What Is The Difference Between Dementia And Delusions?

When focusing on hospital admissions/stays the word delusions pops up a lot, especially when describing our elderly population. What is the difference between delusions and dementia? Here’s an explanation.

Dementia is a decline in your mental ability such that it affects your activities of daily living or ADL’s. These ADL’s are: grooming, toileting, eating, taking medications, decision making, loss of reasoning skills, and reduced visual perception. Unless the dementia is caused by depression, low B12 levels, or thyroid insufficiency dementia is not reversible at this time. There are many diseases that have dementia as a symptom of the disease such as Alzheimer’s Disease, Vascular Disease, Lewy-body Dementia, Fronto-temporal Dementia, Posterior-cortical Dementia, Parkinsons Disease, Multiple Sclerosis, AIDS, Korsakoff’s Syndrome (Alcoholism), brain trauma, and others.

Delusions are beliefs that are held by a person despite evidence to the contrary (faulty judgement), in other words against reality. An example would be someone thinking that their spouse is unfaithful when there is no real evidence that this is true.

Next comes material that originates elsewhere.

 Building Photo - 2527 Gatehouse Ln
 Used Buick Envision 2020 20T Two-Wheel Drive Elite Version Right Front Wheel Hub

The person cannot separate what is real versus what is imagined. People with this disorder usually can still function normally as part of society with the exception of their delusion.

Delusions can occur in middle to later life although it is not a common occurrence out in the community. It is more likely associated with a hospital stay due to surgery, a long hospital stay for disease management where infection, pain killers, sleeping pills, sedatives are used or where the conditions of dehydration, poor nutrition, sleep deprivation, isolation, and medication changes are involved (In these cases especially surgery, delusions can appear quite suddenly). It can also occur in those patients diagnosed with dementia or in those patients who already have a frail constitution.

Once the triggers are found and addressed, it can take weeks to months to fully recover from them. It was found in a look-back study by The Center For Advancing Health in a November 8, 2011 article (www.cfah.org/delusions) that elderly hospital patients with delirium are more likely to die within the year following their delusion diagnoses!

The first signs of delusional thinking are confusion, disorientation, impairment of language skills either understanding or speaking (dysphasia), slurred speech (dyarthria-due to muscle weakness), tremors, hallucinations (seeing or hearing something that isn’t there), and short term memory loss.

Delusions can occur as part of substance abuse, psychoses, and schizophrenia as well. The delusions are divided into the following categories:

Jealous – beliefs that a mate/partner is unfaithful.

Erotomanic – beliefs that someone famous is in love with them (leads to stalking behavior)

Grandiose – having an overly-inflated self worth, identity, sense of power, or that they are more knowledgeable than those around them.

Persecutory – the belief that they or someone they know is being harmed or mistreated, or someone is planning to do this in the future as evidenced by repeated complaints to the police.

Somatic – the belief that they have an unsubstantiated disease or condition.

Mixed – more than one of the above.

The Cause Of Delusions: They are divided into genetic, biological, and environmental. There can be a genetic tendency to suffer from delusions. This is many times noted in their family history. In biological there are certain abnormalities in the brain that cause the brain’s neurotransmitters to malfunction. These are the chemicals responsible for relaying messages from one neuron to the next. The messages become interrupted and thoughts become skewed. In environmental the delusions may be triggered by stress, alcohol abuse, or drug abuse. Some examples are : immigrants isolated by lack of 2ndary language skills, people with poor eyesight, folks with poor hearing, etc. Isolation sometimes causes the brain to create stimulation when there is none from the surroundings.

Other symptoms of delusions include increased anger, lower mood, increased irritability, or the presence of hallucinations.

Because the hospital setting can trigger the onset of delusions due to isolation from their normal world, medication changes, lack of sleep, etc., it is no wonder that hospital personnel want patients to bring their glasses and hearing aids, get them up increasing their activity physically and mentally, and have the shortest stay possible so that they stay in touch with their world.

Thank you to the Cleveland Clinic for increasing my knowledge about delusions! https://my.clevelandclinic.org/health/diseases/9599-delusional-disorder

2 thoughts on “What Is The Difference Between Dementia And Delusions?”

  1. Good article. My grandmother suffered from both,but the delusions were more pronounced first and were found to be from B12 deficiency.

    1. Thank you, Susan. I had a friend whose dad went through bypass surgery, and when he came out of the anesthesia insisted that he crossed the Delaware with George Washington. He had no clue that it was the wrong century! He eventually did get better, but it took a couple of months!